Non solo lo studente dunque, ma anche qualsiasi persona che voglia avvicinarsi all’università o rientrarvi (chi ha già conseguito un titolo accademico o chi non è riuscito a conseguirlo precedentemente) ha la possibilità di accedere via web alle differenti informazioni scientifiche che l’Università mette a disposizione.
L’impostazione è semplice, flessibile e di qualità. La pagina qui sotto mostra con un menu i vari ambienti di studio: il Courseware (dove vengono presentate le 13 Facoltà e 5000 lezioni in Open Access), il PodStudio (che contiene lezioni in formato podcast ed anche disponibile su iTunes U), la Living Library (un’ottima guida alle fonti in rete) e il Campus 3D (inteso come piazza virtuale dell’ateneo).

Cliccando  qui si accede alla presentazione delle miniguide, utili per la scelta dei 13 corsi di laurea.
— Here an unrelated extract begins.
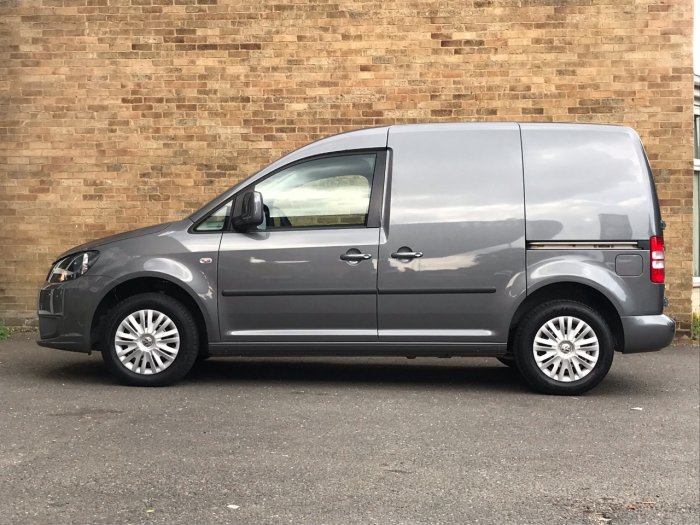 Volkswagen Caddy 1.6 TDI 102PS Trendline Van Panel Van Diesel Grey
Un altro virtuoso esempio è quello dell’Università degli Studi della Tuscia (nella Top Ten delle dieci migliori università italiane nella classifica MIUR) che, data la fortunata prima edizione, sta per dare inizio al secondo corso di perfezionamento e formazione professionale che verterà su ebook ed editoria digitale. Il corso partirà il   15 settembre 2010 e durerà anch’esso due mesi, con modalità organizzative analoghe a quelle della prima edizione. Il direttore scientifico è Gino Roncaglia, autore fra gli altri de La quarta rivoluzione – sei lezioni sul futuro del libro.

Il corso sarà interamente on-line grazie a una piattaforma di e-learning. Questo non solo permetterà alle persone interessate di seguire le lezioni comodamente da casa e senza alcuna strumentazione particolare, ma consentirà anche di mantenere accessibili i costi dell’iniziativa. Dal sito del corso sarà possibile caricare gratuitamente alcuni dei materiali didattici utilizzati durante le lezioni e si potrà inoltre discutere e condividere le proprie esperienze relative ad e-book ed editoria digitale iscrivendosi ad  una comunità di pratica.